Ada Rose Bitterbaum, Flynn & Joyce, Boston, Mass., for defendants.

ORDER ON WITNESS WAYNE B. HOLLINGSWORTH AND JUNE L. HOLLINGSWORTH’S MOTION TO QUASH DEPOSITION SUBPOENAS, FOR PROTECTIVE ORDER AND FOR COSTS (# 21); BRACKETT B. DENNISTON’S MOTION TO QUASH SUBPOENA (# 32); AND MOTION TO COMPEL ANSWERS TO DEPOSITION QUESTIONS PROPOUNDED TO DAVID BANASH

JOYCE LONDON ALEXANDER, United States Magistrate.

The present motions arise from an action in which plaintiff, Michael Flynn, seeks damages for emotional and economic injuries based on acts of the defendants. Plaintiff alleges that defendants published information concerning his alleged involvement in the unsuccessful attempt to pass a forged $2,000,000.00 check. [FN1]
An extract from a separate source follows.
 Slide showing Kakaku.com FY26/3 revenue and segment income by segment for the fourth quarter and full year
FN1. Defendants’ Opposition to Motion of Deposition Witnesses Wayne B. Hollingsworth and June Hollingsworth to Quash Subpoenas and Protective Orders and Costs (# 26), p. 1-2.

Defendants, Church of Scientology (Scientology), seek to compel the deposition testimony of Wayne B. Hollingsworth, June L. Hollingsworth, Brackett Denniston III and the answers to deposition questions propounded to David Banash.
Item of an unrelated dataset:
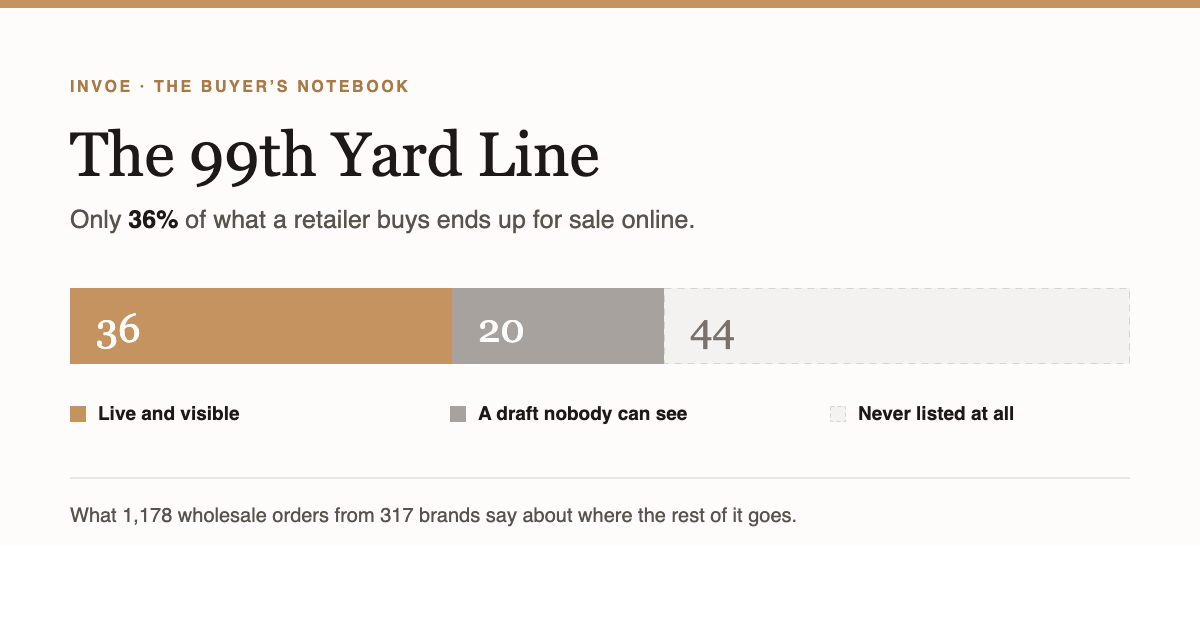 The 99th Yard Line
WAYNE AND JUNE HOLLINGSWORTH
Defendants subpoenaed Wayne and June Hollingsworth commanding them to provide deposition testimony. [FN2] Witnesses, Wayne B. Hollingsworth (Hollingsworth) and June L. Hollingsworth move to quash these deposition subpoenas. [FN3] They also seek protective orders and costs, including reasonable attorney’s fees.[FN4]

FN2. Witness, June L. Hollingsworth, was not served in hand with her deposition subpoena pursuant to Fed.R.Civ.P. 45. Witness Wayne B. Hollingsworth and June L. Hollingsworth’s Motion to Quash Deposition Subpoenas for Protective Orders and For Costs (# 21), p. 1.

FN3. Id., (# 21), p. 1.

FN4. Id., (# 21), p. 1.

Hollingsworth is an attorney and since 1981 has represented the plaintiff against various individuals and entities related to Scientology. [FN5] As such, he asserts that the deposition subpoena should be quashed and protective order granted, because any information he has received concerning Scientology matters is covered by the attorney-client privilege or work product immunity within the meaning of Fed.R.Civ.P. 26. [FN6]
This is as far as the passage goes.